ARIZONA COURT OF APPEALS DIVISION ONE
Aug 9, 2016
No. 1 CA-CR 15-0374 (Ariz. Ct. App. Aug. 9, 2016)

Opinion

No. 1 CA-CR 15-0374

08-09-2016

STATE OF ARIZONA, Appellee, v. ROBERT AMARILLAS HERNANDEZ, Appellant.

COUNSEL Arizona Attorney General's Office, Phoenix By Eric K. Knobloch Counsel for Appellee Maricopa County Public Defender's Office, Phoenix By Rena P. Glitsos Counsel for Appellant


NOTICE: NOT FOR OFFICIAL PUBLICATION. UNDER ARIZONA RULE OF THE SUPREME COURT 111(c), THIS DECISION IS NOT PRECEDENTIAL AND MAY BE CITED ONLY AS AUTHORIZED BY RULE. Appeal from the Superior Court in Maricopa County
No. CR2014-134169-001
The Honorable Sam J. Myers, Judge

AFFIRMED

COUNSEL Arizona Attorney General's Office, Phoenix
By Eric K. Knobloch
Counsel for Appellee Maricopa County Public Defender's Office, Phoenix
By Rena P. Glitsos
Counsel for Appellant

MEMORANDUM DECISION

Judge Peter B. Swann delivered the decision of the court, in which Presiding Judge Patricia A. Orozco and Judge Jon W. Thompson joined. SWANN, Judge:

¶1 Robert Amarillas Hernandez ("Defendant") appeals from his convictions for armed robbery, unlawful flight from law enforcement vehicle and cruelty to animals. He contends that the trial court erred in admitting as evidence a knife found in Victim's vehicle. For the following reasons, we affirm.

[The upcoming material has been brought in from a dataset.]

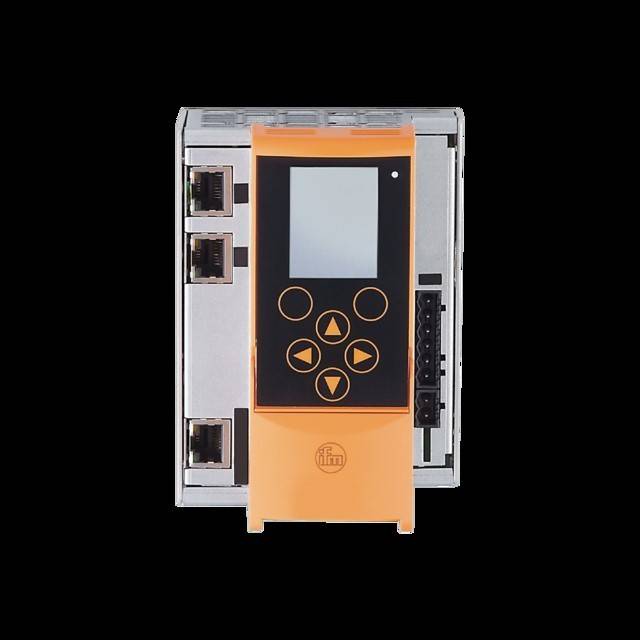 Ifm Electronic SmartSPS DataLine AC1434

FACTS AND PROCEDURAL HISTORY

¶2 Well after dark, Victim stopped his truck at a water vending machine to fill up empty bottles. He parked a few feet away and walked over to the machine with the bottles, leaving the keys in his truck. As he was getting water, Victim heard the engine turn over and saw the lights come on. Victim saw a man, later identified as Defendant, in his truck, and as Victim tried to stop him, he saw Defendant holding what Victim believed to be a "bright and black" gun. Defendant fled in the truck, and Victim called 9-1-1.

¶3 Officer Davidge, who responded to the emergency call and spoke to Victim, later saw a vehicle matching the description from the Victim on the road. When the officer attempted to pull the truck over, Defendant accelerated and tried to flee. He led several officers on a high-speed pursuit for a few miles on surface streets until the officers stopped because Defendant crossed the center median and drove toward oncoming traffic. The officers spotted the truck again a few minutes later and were able to end the pursuit. When Defendant exited the truck, he struggled with the officers, grabbed a police dog's leash (leading the dog to bite him), and was Tased multiple times.

¶4 After police recovered Victim's truck, they brought Victim in for an interview. He identified Defendant from a photographic lineup as the man who took his truck. Police conducted a search of the truck with Victim's permission. Among other items, they found a "folding [B]uck knife" in the center console, the only item Victim stated did not belong to him. The police did not find a gun on the suspect or in the truck.

¶5 The state charged Defendant with armed robbery, theft of means of transportation, unlawful flight from law enforcement vehicle and cruelty to animals. The court later dismissed the theft charge on the state's motion. Defendant was indicted by a grand jury. The grand jurors asked Detective Durham several questions about the gun Victim reportedly saw and the role of the knife in the alleged robbery. Though the detective testified that the Victim believed he saw a gun, the detective did not rule out the possibility that Defendant was holding the knife during the incident.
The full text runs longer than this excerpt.